Já as agressões em Mutassim são evidentes. Em um dos vídeos, ele aparece deitado e tateando os próprios ferimentos, pouco ensanguentado e levando os braços à testa, em posição de descanso. Depois de morto, o estado de seu corpo é diferente.

Uma grande perfuração no tórax, logo abaixo do pescoço, explica tudo. "Mutassim tem um ferimento, uma grande abertura na área superior de seu peito e inferior a seu pescoço", disse Tika, que relata ainda outros ferimentos nas pernas.

Confrontado com as críticas crescentes sobre as dúvidas a respeito das circunstâncias das mortes, o premiê do CNT, Mahmoud Jibril, visitou Misrata e foi ao local onde está o corpo do ditador. Após a vistoria, ele reafirmou a versão de que um confronto após a captura explica a morte de Kadafi.

Nos bastidores, porém, o Estado apurou que Jibril vem sendo pressionado a abrir uma investigação sobre as circunstâncias da execução. O mesmo pedido também foi feito pela ONU e pelas ONGs Human Rights Watch e Anistia Internacional.

O corpo do coronel segue insepulto em razão de divergências entre as direções do CNT. Em Misrata, os rebeldes afirmaram à reportagem que não tolerarão que o corpo seja enterrado na cidade, o que ofenderia seus habitantes, massacrados em 2011.

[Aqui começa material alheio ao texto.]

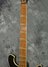 Rickenbacker 660/12 TP, Jetglo: Neck - Front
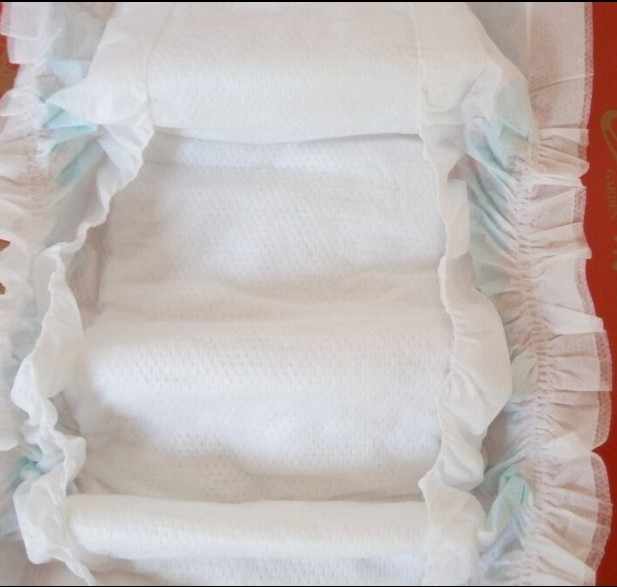 夏季简装超薄透气爹地妈咪婴儿纸尿片尿不湿m码特价包邮促销清仓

O impasse fez com que a câmara fria na qual o corpo de Kadafi era preservado se transformasse em um circo de líbios, que fazem longas filas e se acotovelam para conferir o corpo do ditador, tirar fotos e produzir vídeos amadores. "As pessoas estão felizes com sua morte. Misrata sofreu demais com a guerra", afirmou Ahmed Salam, membro do CNT.

"Estou surpreso. Ficamos oito meses sob o domínio de armas. Estou feliz com sua morte", disse o engenheiro Gerged Hamed, de 37 anos. "Enfim tudo acabou. Agora podemos pensar em uma Líbia democrática."